Sí también de interés. Es decir, señores, que la Iglesia no es extraña a la esfera de vuestras actividades, en cuanto que estas actividades son humanas, o sea, que considera la vida del hombre en sus aspectos más profundos y esenciales. La Iglesia, nos referimos a la sabiduría que ella guarda y enseña, puede hacer suya la máxima clásica de los antiguos: “Homo sum et nihil humanum a me alienum puto”: soy hombre y nada humano me es extraño. Hay aspectos sobre los que la sabiduría cristiana tiene algo que decir, y no importa el campo, si éste atañe al hombre, a su vida, a su alma y a su destino.

Bajo este aspecto, el encuentro con que nos favorece vuestra presencia, no es puramente externo y ocasional, pues pone de relieve un aspecto capital del progreso humano, al que siempre hacemos alusión; un aspecto, que vosotros, señores, defensores de la salud física del hombre, y Nos, tutores de su salud espiritual, podemos a una considerar y hasta se puede decir que celebrar, también de cara al imperio moderno de la aeronáutica y de la actividad aeroespacial, es decir: la primacía del hombre. No se puede hacer abstracción de esta consideración subjetiva del progreso: el hombre ante los instrumentos más poderosos y aun en comparación con el universo que se abre ante su vista, signe ocupando el primer puesto. Recordamos las palabras de Cristo: “¿De qué le sirve al hombre ganar todo el mundo, si él se pierde y se arruina?” (Lc 9, 25). El hombre es para vosotros y para nosotros, en el marco del mundo sensible, el valor supremo. Y gustamos pensar que, lo mismo que vuestro interés por la salud física del hombre —expuesto a los peligros y a la experiencia de los vuelos por la atmósfera y por el espacio—, no es considerado como un freno a su esfuerzo conquistador, sino como una ayuda, de la misma forma, el interés de la Iglesia por la salud moral y espiritual del hombre no debe considerarse como un obstáculo, sino como una protección, una garantía, una ayuda para la conquista de sus últimos fines.

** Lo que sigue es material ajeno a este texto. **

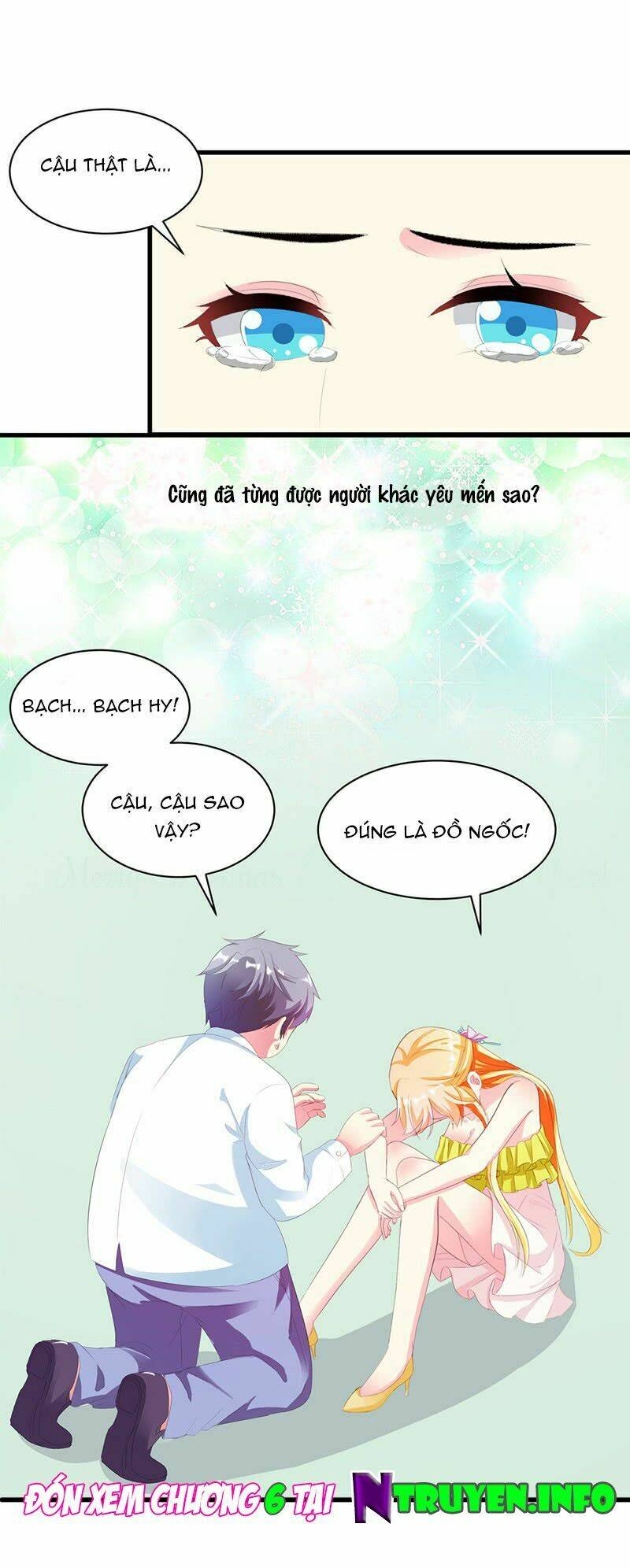 Trang 25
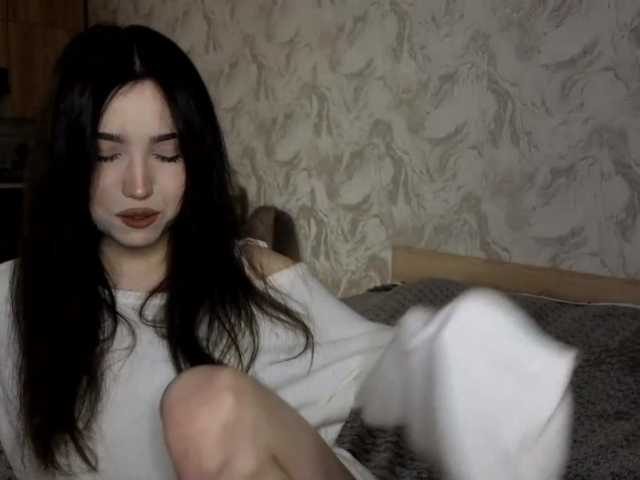 YuliaKim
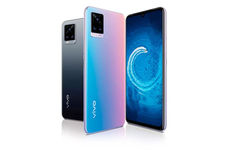 Vivo V20
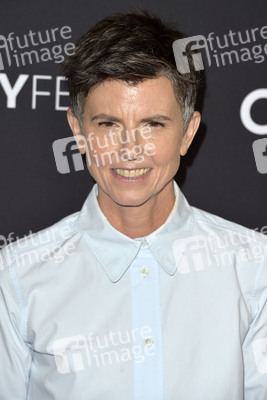 Serienscreening 'The Morning Show' auf dem PaleyFest Los Angeles 2024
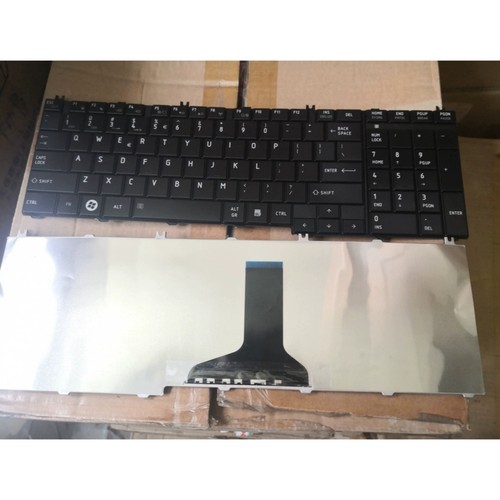 Per toshiba satellite c650 - per,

Y de la misma forma que nos gozamos por vuestros esfuerzos en salvaguardar la salud del hombre y garantizar su eficiencia física y psíquica, vosotros sabréis apreciar la maternal solicitud de la Iglesia, para que los maravillosos progresos que el hombre ha realizado en este extraordinario período de su historia, no sean para su detrimento, sino para su verdadero bien.

Con estos sentimientos os agradecemos vuestra amable visita e invocamos sobre vosotros, sobre vuestras familias y sobre el feliz éxito de vuestros trabajos, la abundancia de las bendiciones divinas.